Voyage-t-on jamais pour de bonnes raisons ? Dans Renoncer aux voyages, Juliette Morice, spécialiste de l’histoire des voyages aux XVIe-XVIIIe siècles, nous invite à mettre en perspective les discours qui nous intiment de ne plus voyager – en avion notamment – pour sauver la planète, en les rapportant aux controverses qui, dès la Renaissance, interrogent l’utilité des voyages. Si les manuels sur « l’art de voyager utilement » (p. 12) se multiplient entre les XVIe et XVIIe siècles, les doutes quant au sens et au but des voyages perdurent au sein des Lumières européennes jusqu’à l’avènement du romantisme, pour ressurgir avec virulence face au développement du tourisme de masse. Déclinant les paradoxes et les déceptions du voyage, effectué en imagination autant qu’à l’épreuve de la poussière, de la sueur et des aléas, la philosophe n’en conclut pas pour autant à la futilité, et encore moins à la nocivité, de l’acte de voyager. À travers la lecture des réflexions d’auteurs-voyageurs aussi divers que Montaigne, Chesterton ou Michaux, elle suggère au contraire que le voyage doit se comprendre comme une modalité de l’habiter : on désire voyager pour habiter le monde d’une certaine façon, en s’y mouvant transitoirement, sans s’y enraciner ni – quoique cela soit moins sûr – se l’approprier.

Qu’est-ce qu’un voyage ?

Avant de savoir s’il peut être utile, il faut s’entendre sur ce qu’est un voyage. Or les critères qui permettraient de distinguer le voyage d’autres types de mouvement sont loin d’être évidents. Les critères quantitatifs, ceux de la distance parcourue ou du temps écoulé, se heurtent au « problème de la mesure » (p. 54) : à partir de quelle distance ou de quelle durée peut-on dire qu’on voyage ? Faut-il nécessairement s’éloigner pour voyager ? « Deux conceptions du voyage » (p. 112) s’affrontent, l’une qui l’inscrit dans la continuité et l’associe à la lenteur et la simplicité, l’autre qui, prenant la discontinuité pour critère du voyage, insiste sur l’éloignement et la vitesse.

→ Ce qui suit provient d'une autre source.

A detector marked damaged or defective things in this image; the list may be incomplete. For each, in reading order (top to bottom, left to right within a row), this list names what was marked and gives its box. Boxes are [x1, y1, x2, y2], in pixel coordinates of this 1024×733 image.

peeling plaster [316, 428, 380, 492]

Le voyage toutefois pourrait se définir par le transport autant que par la destination : ne serait-il pas la véritable fin du voyage ? Juliette Morice remarque que, dans la locomotion, le voyageur accède à une « paradoxale tranquillité » (p. 110) « propice au songe ou à la méditation » (p. 119) : le jeune Marcel contemplant un pan de store bleu dans le train qui l’emmène à Balbec, le passager aérien perdu au milieu des nuages. Montaigne avant eux pense son voyage en Italie comme « mouvement lui-même » (p. 56). Juliette Morice fait ainsi droit à l’hypothèse, d’abord avancée par Diderot, que tous les voyages procèdent du simple « besoin physique de se déplacer » (p. 103), de dépenser son énergie, de ne pas tenir en place. « Mouvements dénués de sens » (p. 106), les voyages se feraient sans raison.

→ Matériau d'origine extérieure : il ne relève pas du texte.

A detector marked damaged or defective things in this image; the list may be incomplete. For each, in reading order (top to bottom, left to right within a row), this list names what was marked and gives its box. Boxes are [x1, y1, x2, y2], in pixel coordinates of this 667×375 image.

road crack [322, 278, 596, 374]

Si l’on peut voyager très près de chez soi, ne faut-il pas préférer aux décevants critères quantitatifs le critère qualitatif de l’étrangeté ou de l’estrangement  ? On voyagerait alors dès qu’on perçoit « un espace comme un ailleurs » (p. 61). Le franchissement de la frontière qu’on associe au voyage serait donc avant tout symbolique : faire le tour de sa chambre peut procurer plus d’émerveillement que le tour du monde à qui sait y voir. Pourtant, on prête d’autres qualités au voyage, qui le ramènent du côté de la durée, de la distance et de l’effort : le voyageur est libre (et non pas confiné dans une chambre) et son voyage est normalement marqué par des actions mémorables, des aventures « dignes d’être racontées » (p. 63). Le rapport constitutif du voyage à la narration d’une part, à la nostalgie d’autre part, affleure ici.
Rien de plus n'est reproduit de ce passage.